*ASSIGNMENT*.
Given the records underneath, please repeat exactly the lines from the line with "19th Century Chinoiserie" through the line with "Adornia Gold Mother", passing over any picture.

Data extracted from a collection
____________________

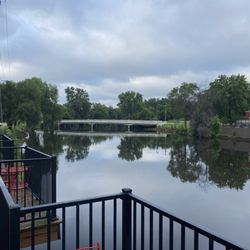 AJ's Riverside - The river side seating view.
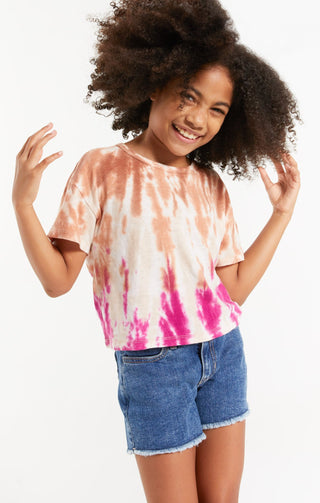Z Supply Girls Nattie Tie-Dye Tee - Sahara, Z Supply, cf-size-large-12-14, cf-type-tee, cf-vendor-z-supply, CM22, JAN23, Top, Tween Girl, tween girls, Tween Girls Clothing, Z Supply, Z Supply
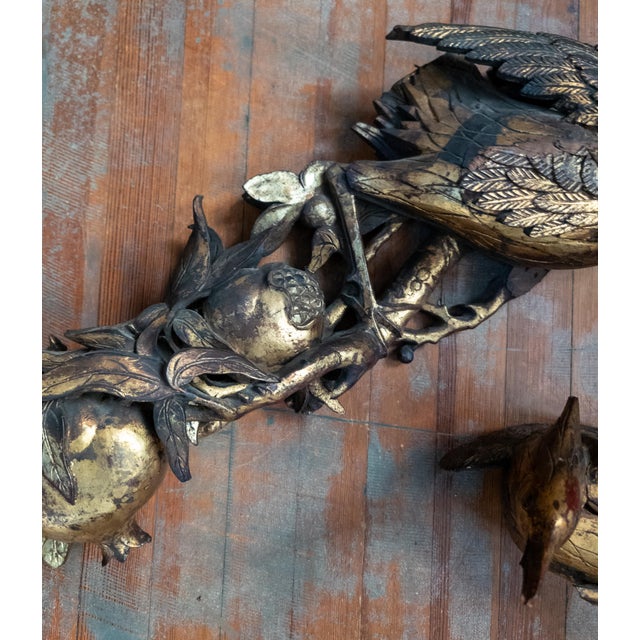 19th Century Chinoiserie Chinese Carved Giltwood Architectural Fragment With Birds and Pomegranates For Sale In New York - Image 6 of 18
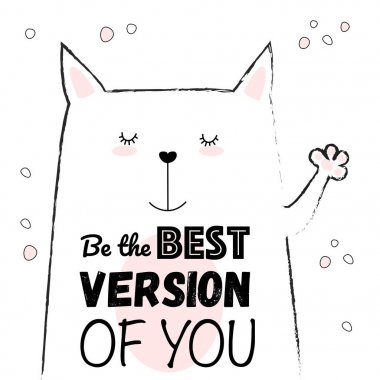 Vektör karikatür kroki kedi çizim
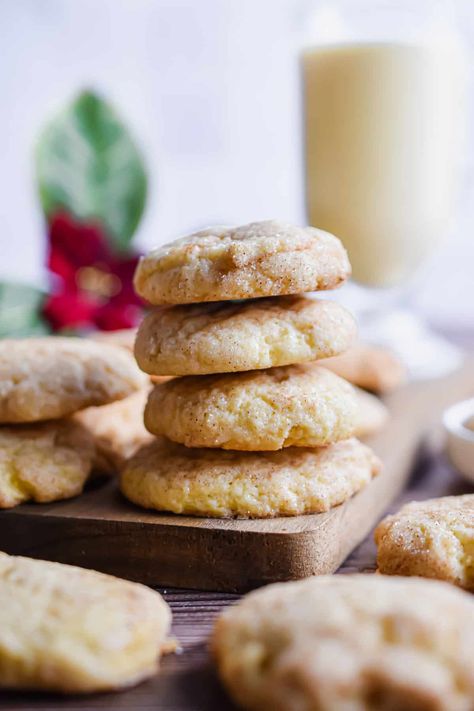 The Best Eggnog Snickerdoodles Easy Holiday Cake Recipes, Christmas Day Desserts, Eggnog Dessert Recipes, Elegant Christmas Dessert, Easy Holiday Cakes, Eggnog Snickerdoodles, Eggnog Desserts, Mini Eggnog Cheesecake, Brown Sugar Cookie Recipe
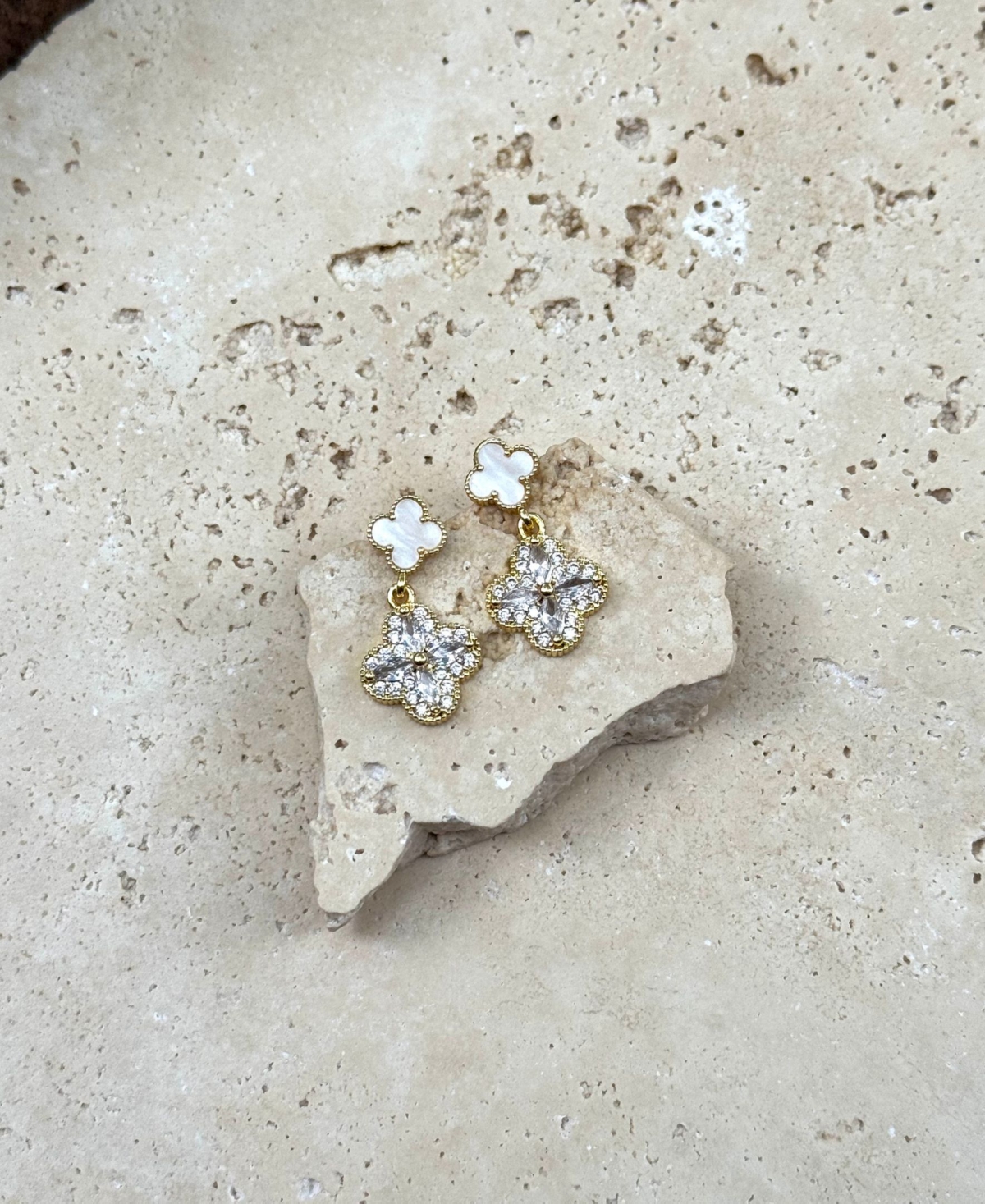 Adornia Gold Mother of Pearl and Cz Clover Drop Earrings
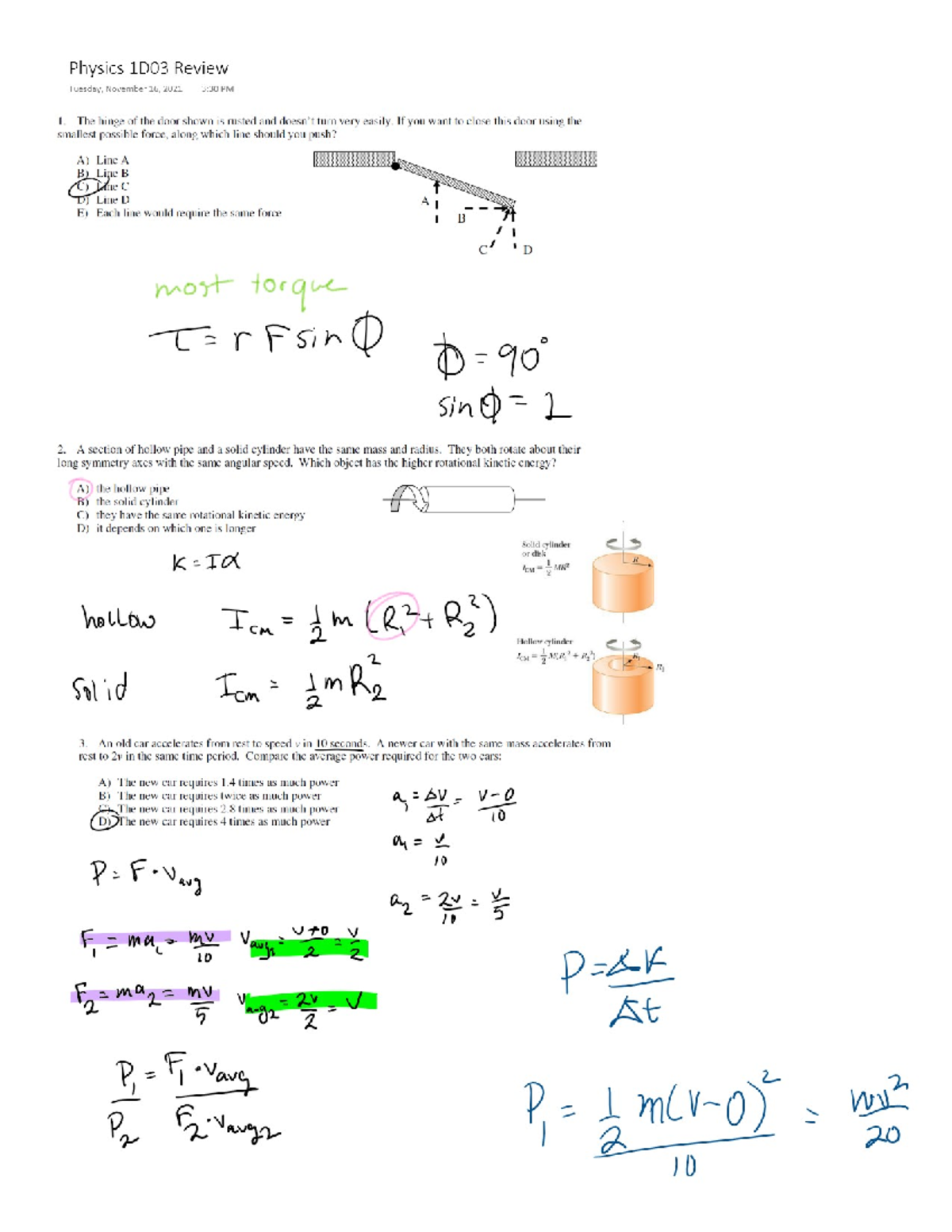Physics 1D03 Midterm Review - Physics 1D03 - Studocu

____________________

*RESULT OF THE TASK*.
 19th Century Chinoiserie Chinese Carved Giltwood Architectural Fragment With Birds and Pomegranates For Sale In New York - Image 6 of 18
 Vektör karikatür kroki kedi çizim
 The Best Eggnog Snickerdoodles Easy Holiday Cake Recipes, Christmas Day Desserts, Eggnog Dessert Recipes, Elegant Christmas Dessert, Easy Holiday Cakes, Eggnog Snickerdoodles, Eggnog Desserts, Mini Eggnog Cheesecake, Brown Sugar Cookie Recipe
 Adornia Gold Mother of Pearl and Cz Clover Drop Earrings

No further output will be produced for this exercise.